Elon Musk is fast closing in on his pledge to sell 10% of his stake in the electrics cars maker he founded. The world’s richest person offloaded another 934,091 shares earlier this week for about $906.5 million to cover taxes on the exercise of 2.1 million more options, according to regulatory filings.
Based on his November Twitter poll, Musk plans to sell 10% of his total Tesla shares. At the time, he owned just over 170 million shares, so theoretically he plans to sell about 17 million shares to fulfil his Twitter pledge.
He has now sold 11.9 million shares spread over a dizzying 680 sales, according to data provider InsiderScore/Verity, netting a staggering $12.7 billion over five weeks.
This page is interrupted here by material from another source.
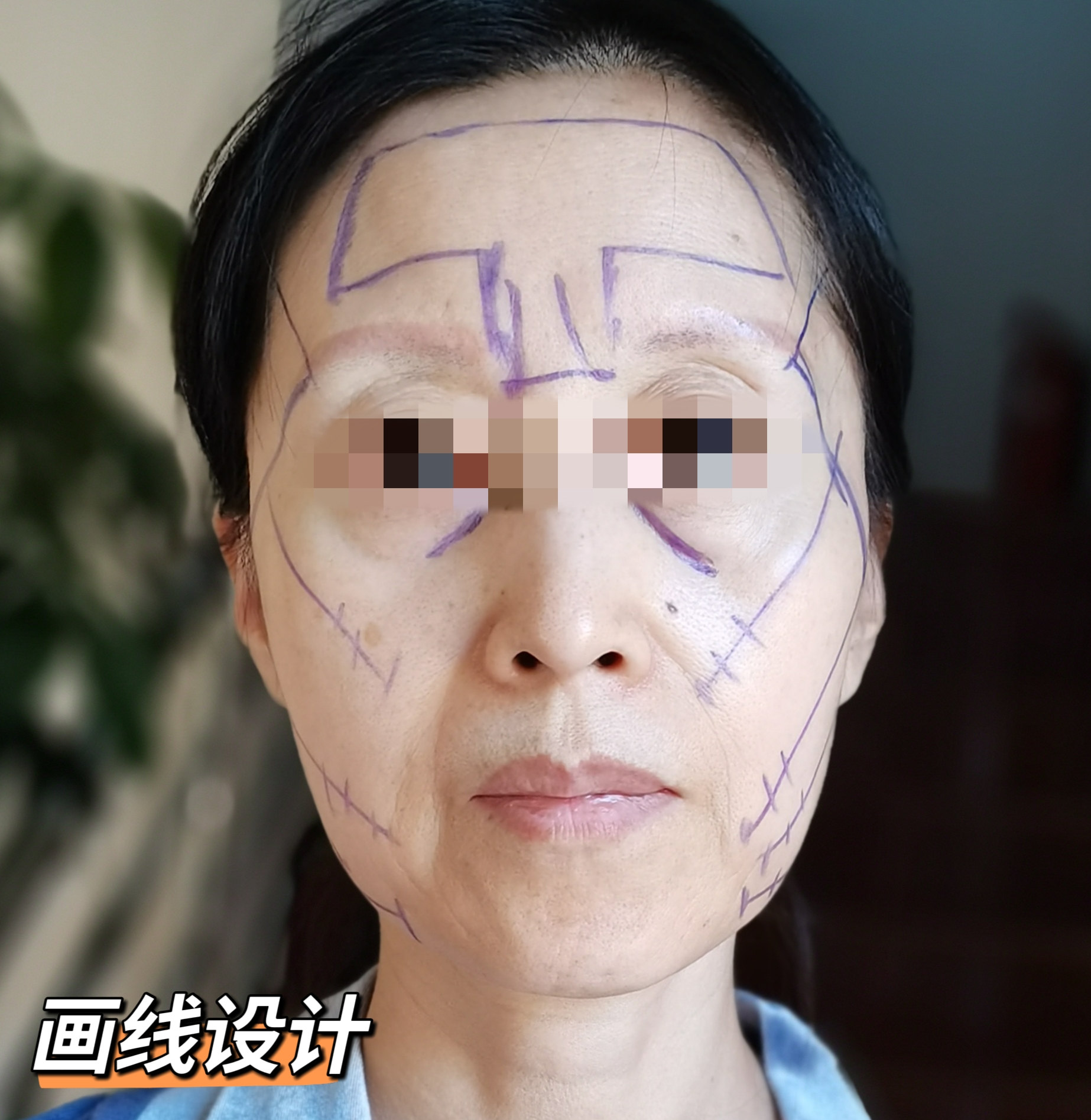 案例日记|53岁艺术院校教师，拉皮术后直接减龄15岁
$200 BILLION-PLUS WIPED OFF TESLA VALUE
Musk’s disposals have dragged on Tesla shares. The latest transactions coincided with Tesla’s market valuation closing below $1 trillion for the first time since 22 October. At the overnight $975.99 close, the stock is more than 20% off its recent $1,229.91 on 5 November, putting the stock in a bear market.
Forget Twitter polls, the main reason Musk is selling is to pay the taxes on the exercise of options that expire next summer. As part of a 2012 compensation package, the Tesla CEO was given options on 22.8 million shares that expire next August. The options were valued at more than $28 billion when Musk started selling shares, which means his tax bill could have been as high as $15 billion, according to experts.
Based on his 10% target, Musk will likely sell another five million shares worth nearly $5 billion before the year is out.